Module extractor
Jan Skibinski
jans@numeric-quest.com
Wed, 31 Jan 2001 20:55:57 -0500 (EST)
Hi All,
During the last few days I've been working on the
ModuleExtractor - a high level extractor of modules from
the Haskell source files. This is not a low level
parser -- as used by the compilers -- since it only cares
for the things related to documentation.
I am using the Daan's Leijen Parsec library, which seems
to be well designed, documented and reasonably fast.

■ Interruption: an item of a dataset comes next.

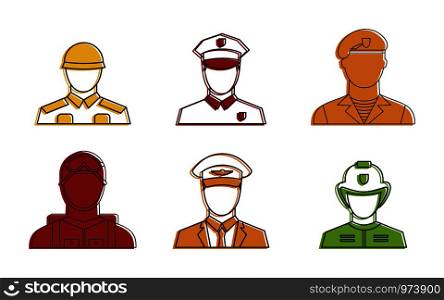 Military avatar icon set. Color outline set of military avatar vector icons for web design isolated on white background. Military avatar icon set, color outline style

The motivation for this work is to replace my home
brewed parsing of source files in Haskell Module
Browser (or rather a sophisticated "grepping") - which
I currently do in Smalltalk - by a Haskell version. I do
not believe that I will gain much on speed here (Hugs
implementation will be probably much slower than the Squeak's
one) but the idea is to move as much code as possible from
the Squeak's to the Haskell's side in order to create
a support code which could benefit other people wishing to
interface such browsers to systems other than the Squeak.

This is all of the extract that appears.